You are viewing a plain text version of this content. The canonical link for it is here.

Posted to user@nutch.apache.org by brad <br...@bcs-mail.net> on 2010/09/24 04:59:03 UTC

Nutch 1.2 solrdedup and OutOfMemoryError

I 'm running into an error trying to run solrdedup
bin/nutch solrdedup http://127.0.0.1:8080/solr-nutch/

2010-09-23 18:37:16,119 INFO  mapred.JobClient - Running job: job_local_0001
2010-09-23 18:37:17,123 INFO  mapred.JobClient -  map 0% reduce 0%
2010-09-23 18:52:17,801 WARN  mapred.LocalJobRunner - job_local_0001
java.lang.OutOfMemoryError: Java heap space
	at
org.apache.solr.common.util.JavaBinCodec.readSolrDocument(JavaBinCodec.java:
323)
	at
org.apache.solr.common.util.JavaBinCodec.readVal(JavaBinCodec.java:204)
	at
org.apache.solr.common.util.JavaBinCodec.readArray(JavaBinCodec.java:405)
	at
org.apache.solr.common.util.JavaBinCodec.readVal(JavaBinCodec.java:171)
	at
org.apache.solr.common.util.JavaBinCodec.readSolrDocumentList(JavaBinCodec.j
ava:339)
	at
org.apache.solr.common.util.JavaBinCodec.readVal(JavaBinCodec.java:206)
	at
org.apache.solr.common.util.JavaBinCodec.readOrderedMap(JavaBinCodec.java:11
0)
	at
org.apache.solr.common.util.JavaBinCodec.readVal(JavaBinCodec.java:173)
	at
org.apache.solr.common.util.JavaBinCodec.unmarshal(JavaBinCodec.java:101)
	at
org.apache.solr.client.solrj.impl.BinaryResponseParser.processResponse(Binar
yResponseParser.java:39)
	at
org.apache.solr.client.solrj.impl.CommonsHttpSolrServer.request(CommonsHttpS
olrServer.java:466)
	at
org.apache.solr.client.solrj.impl.CommonsHttpSolrServer.request(CommonsHttpS
olrServer.java:243)
	at
org.apache.solr.client.solrj.request.QueryRequest.process(QueryRequest.java:
89)
	at
org.apache.solr.client.solrj.SolrServer.query(SolrServer.java:118)
	at
org.apache.nutch.indexer.solr.SolrDeleteDuplicates$SolrInputFormat.getRecord
Reader(SolrDeleteDuplicates.java:233)
	at org.apache.hadoop.mapred.MapTask.runOldMapper(MapTask.java:338)
	at org.apache.hadoop.mapred.MapTask.run(MapTask.java:307)
	at
org.apache.hadoop.mapred.LocalJobRunner$Job.run(LocalJobRunner.java:177)

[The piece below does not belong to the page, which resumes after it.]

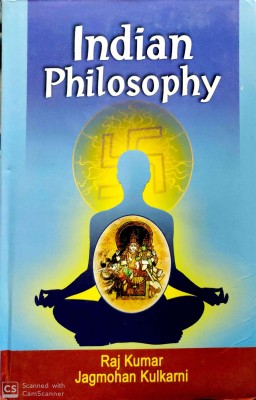 Indian Philosophy. 2012 Edition(English, Hardcover, Raj Kumar, Jagmohan Kulkarni)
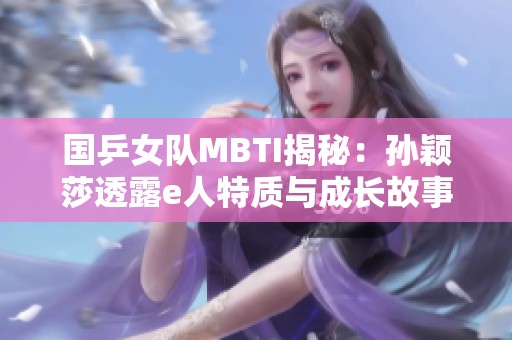 国乒女队MBTI揭秘：孙颖莎透露e人特质与成长故事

I'm running solr via tomcat.  Tomcat is being started with the memory
parameters of :
-Xms2048m -Xmx2048m

So basically there is 2 gb of memory allocated to stack space.  I have
noticed that by changing the parameters some, the location of the error can
change some, but the bottom line is I still run out of stack space.

Nutch runs for about 15 minute and then the error occurs.

I only have 1 solr index and data/index directory size is about 85gb
I'm using the deliver solrconfig.xml file

Is there something else I need to do?  Some change to the Solr or Tomcat
config I have missed.


Config:
Nutch Release 1.2 - 08/07/2010
CentOS Linux 5.5 
Linux 2.6.18-194.3.1.el5 on x86_64 
Intel(R) Xeon(R) CPU X3220 @ 2.40GHz
8gb of ram


Thanks
Brad

RE: Nutch 1.2 solrdedup and OutOfMemoryError

Posted by brad <br...@bcs-mail.net>.

Here is some more information:

The Tomcat status before the process starts shows:
Tomcat Version: Apache Tomcat/6.0.26
JVM Version: 1.6.0-b09
JVM Vendor: Sun Microsystems Inc.

Free memory: 1033.68 MB Total memory: 1873.56 MB Max memory: 1873.56 MB

When it stops with the out of memory error, it still shows about 500mb of
memory free and it is working on the request:
GET
/solr-nutch/select?q=id%3A%5B*+TO+*%5D&fl=id%2Cboost%2Ctstamp%2Cdigest&start
=0&rows=9634413&wt=javabin&version=1 HTTP/1.1

RE: Nutch 1.2 solrdedup and OutOfMemoryError

Posted by Markus Jelsma <ma...@buyways.nl>.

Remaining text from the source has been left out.